Location
- Dublin Road Bray, Dún Laoghaire–Rathdown Ireland

Information
- School type: High school
- Motto: Learning Together for a Better Future
- Founded: 1956
- Principal: Henry Hurley
- Years: First through sixth
- Gender: Mixed
- Age range: 12-19
- Enrollment: 436

= Woodbrook College =

Woodbrook College is an Edmund Rice, co-educational secondary school located in Woodbrook, Bray, Dún Laoghaire–Rathdown, Ireland. Part of the Edmund Rice Schools Trust (ERST). Previously called St Brendan's College, the school was rebranded as part of a rebuild and expansion from 2016.

The grounds are located on the Dublin Road, just north of Bray. Although, officially, it is over the County Dublin border, it is usually referred to as being in County Wicklow and part of Bray. The former building was opened on 5 September 1956, and accommodated approximately 400 students.
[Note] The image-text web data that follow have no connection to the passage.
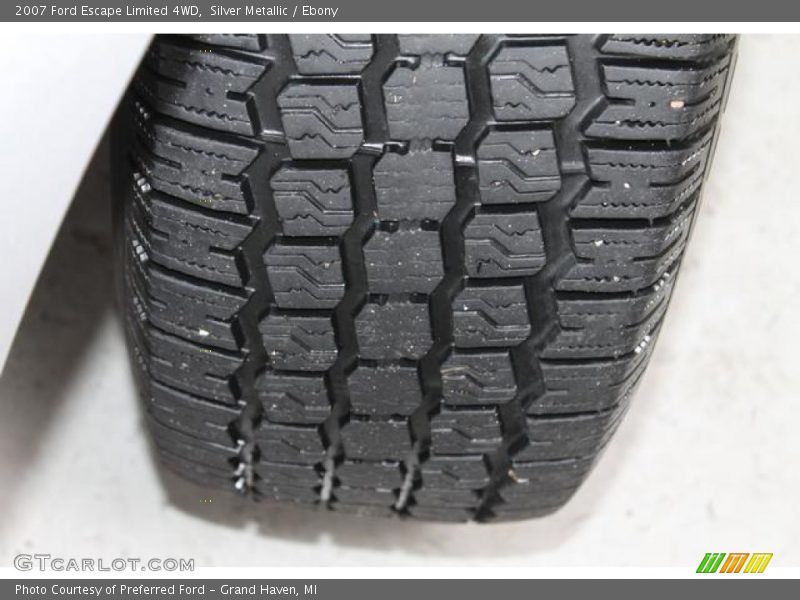 Silver Metallic / Ebony 2007 Ford Escape Limited 4WD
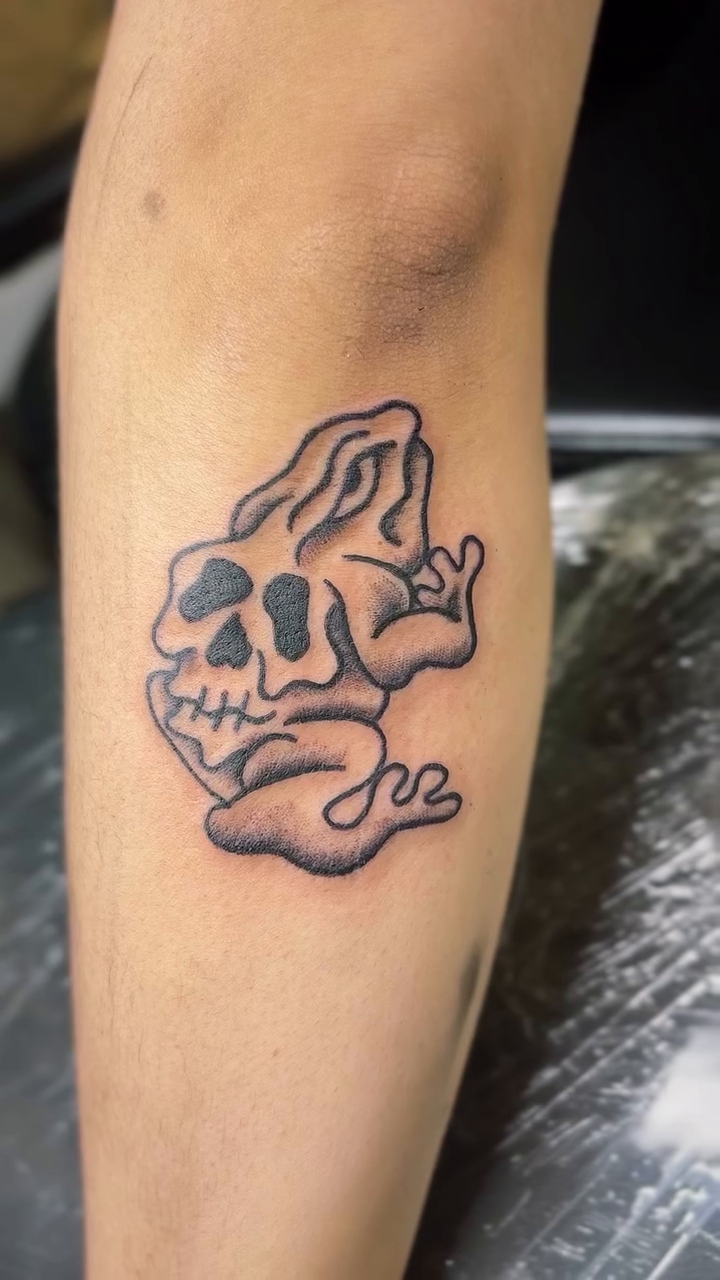 Tattoo by @toplisstattoos โ black_and_grey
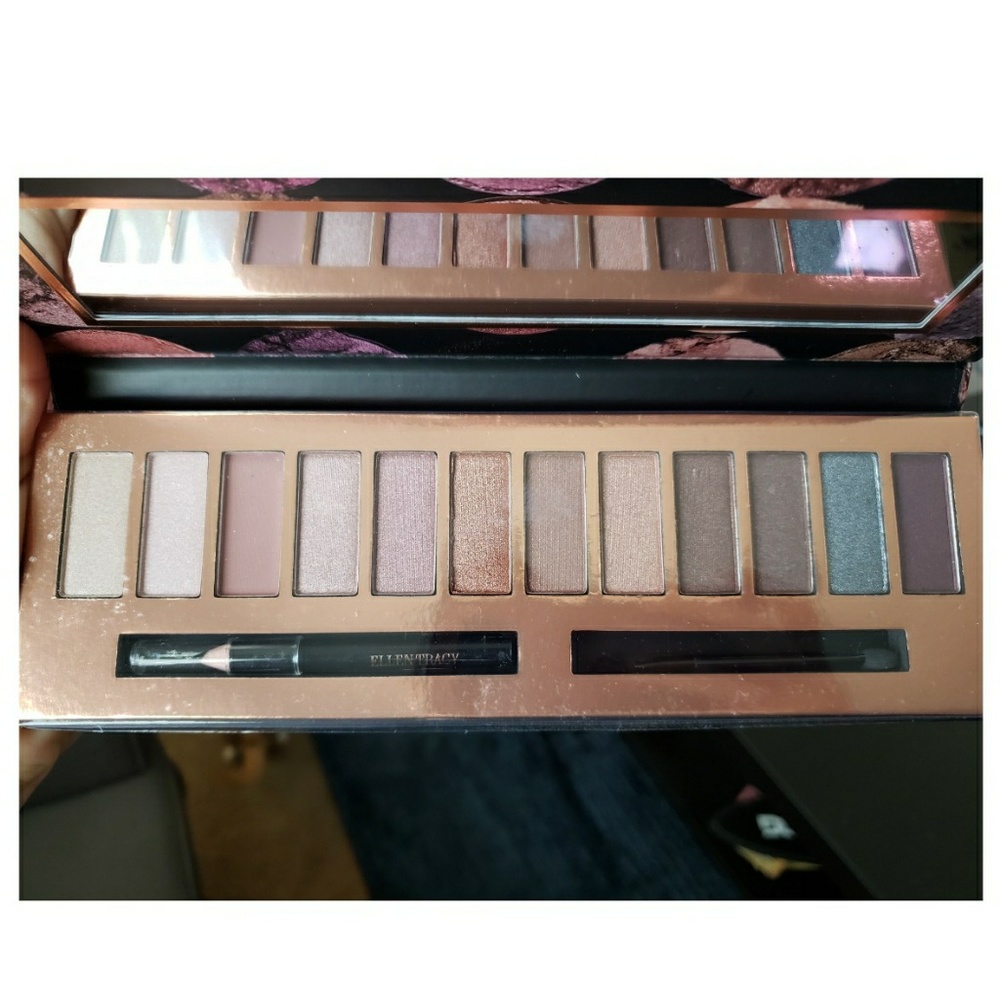 Ellen Tracy Blushing Nudes Palette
The school celebrated its fiftieth year in 2006, thus marking its Golden Jubilee. This led to a visit by President of Ireland, Mary McAleese.

== Subjects ==
Woodbrook College offers a range of subjects, both optional and core. Out of the four optional subjects offered for the Junior Cycle, a maximum of two can be taken. Out of the twelve optional subjects for the Senior Cycle, a maximum of four can be taken.

== Extracurricular activities ==
Woodbrook College offers students many extracurricular activities. Among them are basketball, supervised study, rugby, Gaelic games, association football (soccer), athletics and debating.